The movie is rated R due to a scattering of F-bombs and a brief sex scene, neither of which are integral parts of the movie. However, it doesn’t matter because Reitman knew that, with or without these elements, no parent would be thrilled about their 13-year-old seeing a movie that gets its audience to root for a cigarette lobbyist. Reitman recognizes that his audience is limited and, rather than try to change that fact, he embraces it. This unapologetic stance parallels that of Nick Naylor, who tells the audience up front that he “earn[s] a living fronting an organization that kills one thousand two hundred human beings a day.”

While this screenplay has an obvious message about the corruption involved in interest lobbying–the presentation of the cancer patient’s hush money as bundles of cash in a drug-dealer-style suitcase really drove the point home–it was hard to have any serious thoughts about the ills of society while reading a screenplay that’s as much fun as this one. Reitman is an energetic writer with a sense of humor that keeps the audience on their toes. He weaves together moments and scenes that offer sharp insight into the funny side of a not-so-funny profession; even the sex scene is punctuated by Nick’s voiceover comments about the “bad boy in a suit” edge that his job gives him. The screenplay also takes a few interesting philosophical turns, most notably a scene in which Nick explains his work to his son by comparing the cigarette argument to an argument over which flavor of ice cream is the best.

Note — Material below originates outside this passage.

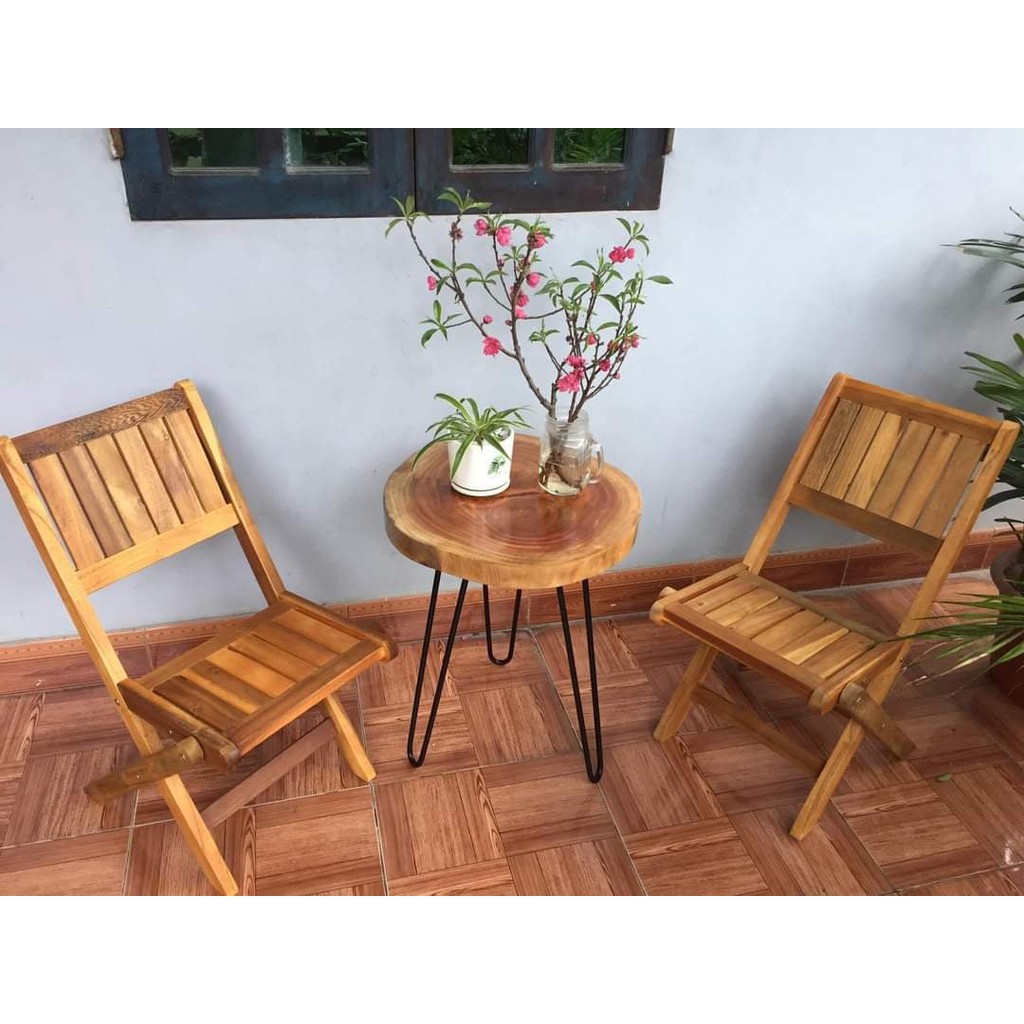 Rẻ Vô Địch Bàn quán cafe gỗ xà cừ| Bàn trà Decor ban công gỗ xà cừ - Chân hairpin cao 60 - 72cm Tổng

However, the screenplay’s episodic, scene-over-plot structure is precisely why it’s not for everyone. As I was reading, I couldn’t help but wonder exactly where Reitman was going with all of this. Was Nick going to learn some kind of lesson? Was he going to change at all? I won’t reveal how the screenplay ends, but it wasn’t until I finished reading that I realized that the ending wasn’t so important after all. It was the twists and turns in Nick’s story, not their end result, that had made the screenplay so entertaining. So if you’re the type of person who likes a story with a solid ending that ties the story together, don’t expect to find it in this screenplay.

Ultimately, however, the screenplay’s structure was just another part of the unorthodox bent that made me respect it so much. In today’s world of least-common-denominator marketing, it’s rare to find a writer who’s willing to break with convention in order to create a stellar screenplay that may not appeal to every Joe Sixpack in America. Reitman is just such a writer, and Thank You For Smoking is just such a screenplay. Two thumbs up.